# Issue 264: EQ Answers

The answers to the Circuit Cellar 264 (July) Engineering Quotient are now available. The problems and answers are listed below, along with a schematic.

Problem 1a—Is it possible to transmit on-off (DC) signals between two pieces of equipment in both directions simultaneously on the same wire, in much the same way that telephones do for audio?

Source: D. Tweed, CC264

Answer 1a—Why not? Hybrids work just as well at DC as they do for audio; you just need a receiver with balanced inputs, like an RS-422 buffer:

All resistors are the same value (e.g., 4,700 Ω) and the transmit driver needs to be a voltage source (low impedance).

If the transmitter switches between, say, 0 V and 5 V, the opposite receiver will see a voltage differential of 0 V and 2.5 V, respectively, while the local receiver will just see 0V.

For long lines, you’ll probably want to use lower resistances and you’ll want to limit the slew rate of the transmitter so that the receiver doesn’t produce glitches on the transitions of the local transmitter.

If the RS-422 receiver is replaced with an op-amp differential amplifier with a gain of 2, then any analog voltage transmitted by one end will be reproduced at the other end.

Problem 1b—But doesn’t a true hybrid use transformers, or at least some tricky transformer simulation with op amps to ensure the transmitted signal does not appear on the receive port?

Answer 1b—No. A hybrid is just a bridge circuit, with one arm of the bridge replaced by the line and the termination at the far end. The transmit signal is applied to two opposite corners of the bridge and the receive signal is taken from the other two corners.

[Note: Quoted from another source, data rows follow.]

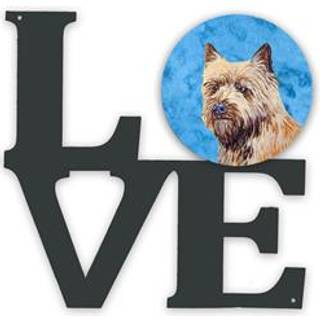 """" Caroline's Treasures Blue Cairn Terrier Metal Artwork Love Wall-Decor multicolor """"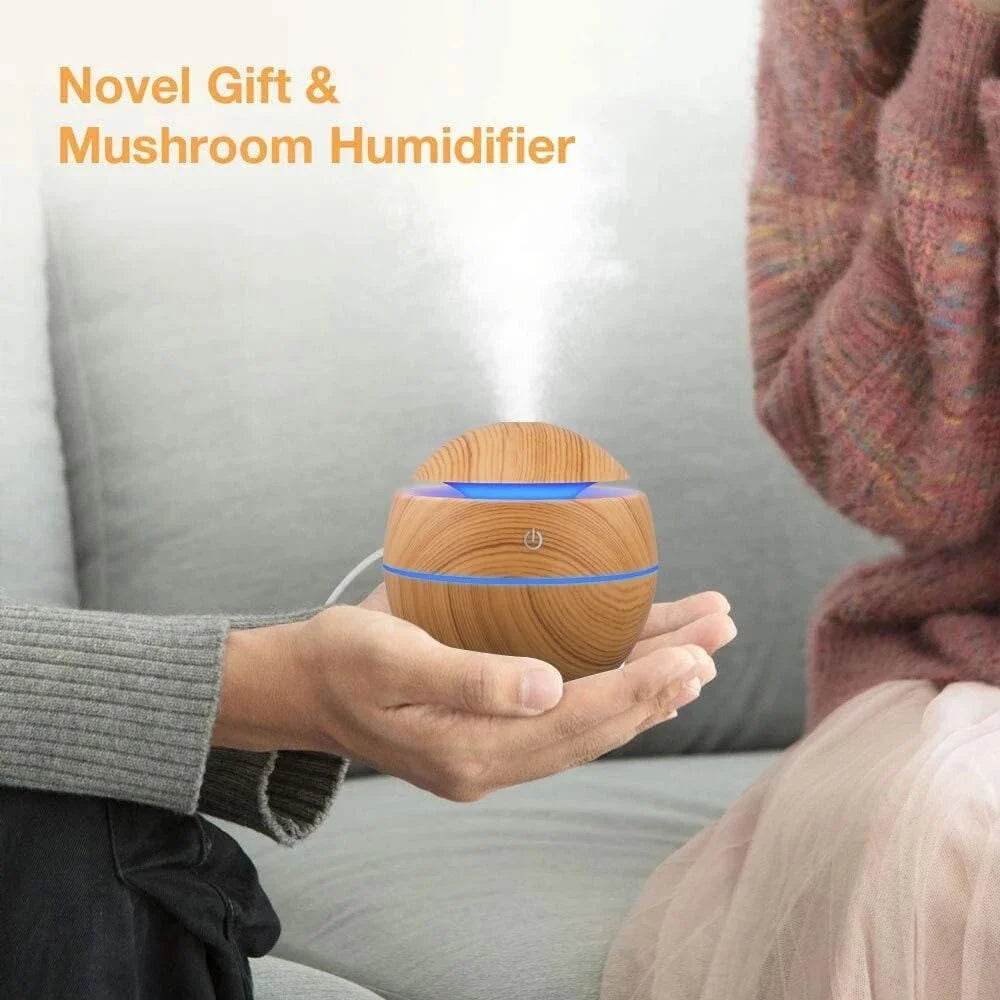 humidificador ultrasónico efecto madera silencioso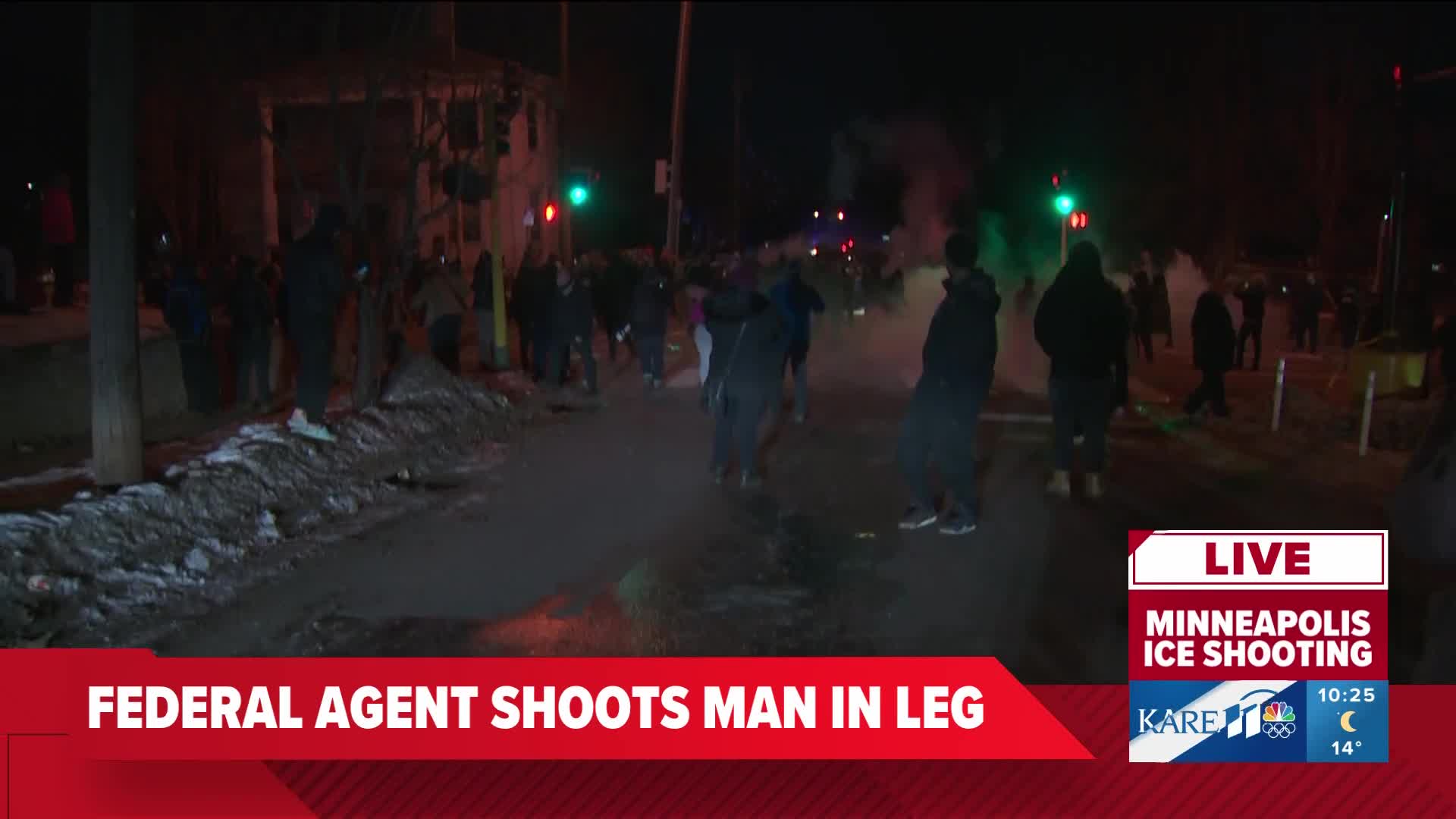 Flash bangs and tear gas: Chaotic scene as ICE agents and protesters ...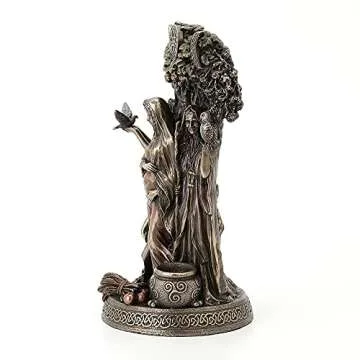 Veronese Design Danu Irish Triple Goddess of The Tuatha De Danann Bronze Finish Statue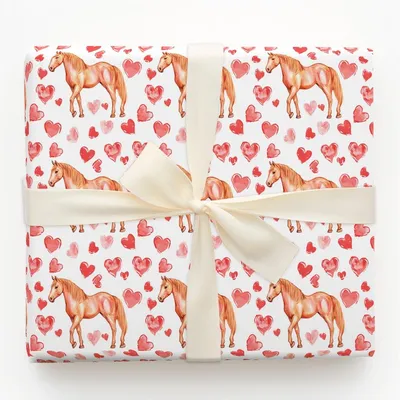 Tennessee Walking Horse Valentine - Gift Wrap for Christmas, Holidays Wrapping Paper, Christmas Wrapping Paper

In order to provide the Tx/Rx isolation, the bridge must be balanced, which in the example above, means that the lower resistor on each side must match the impedance of the line/far end combination. For DC and short lines, a simple resistor suffices. At audio frequencies and with the long unshielded twisted pairs used in telephony, a more complex matching impedance is required.

Transformers are used only because it’s the easiest way (and the only passive way) to get a balanced drive and/or receive signal — the transmit driver and receiver cannot share a ground. In order to mass produce phones that were dirt cheap, yet simple and reliable, the phone company figured out how to use a multi-winding transformer to provide the both the isolation and the balanced/unbalanced conversion in both directions, usually with a single resistor and capacitor to provide the line matching. As noted, modern electronic phones use active electronics to achieve the same things.

As always, the theory is simple, but the practical implementations can get complicated.

Problem 2a—The conventional way to calculate the magnitude (length) of a vector is to take the square root of the sum of the squares of its components. On small processors, this can be somewhat difficult (especially the square root operation), and various approximations are used instead.

One approximation that works surprisingly well for 2-D vectors and complex numbers is to take the absolute values of the two components, compare them, then add 1/3 of the smaller to the larger.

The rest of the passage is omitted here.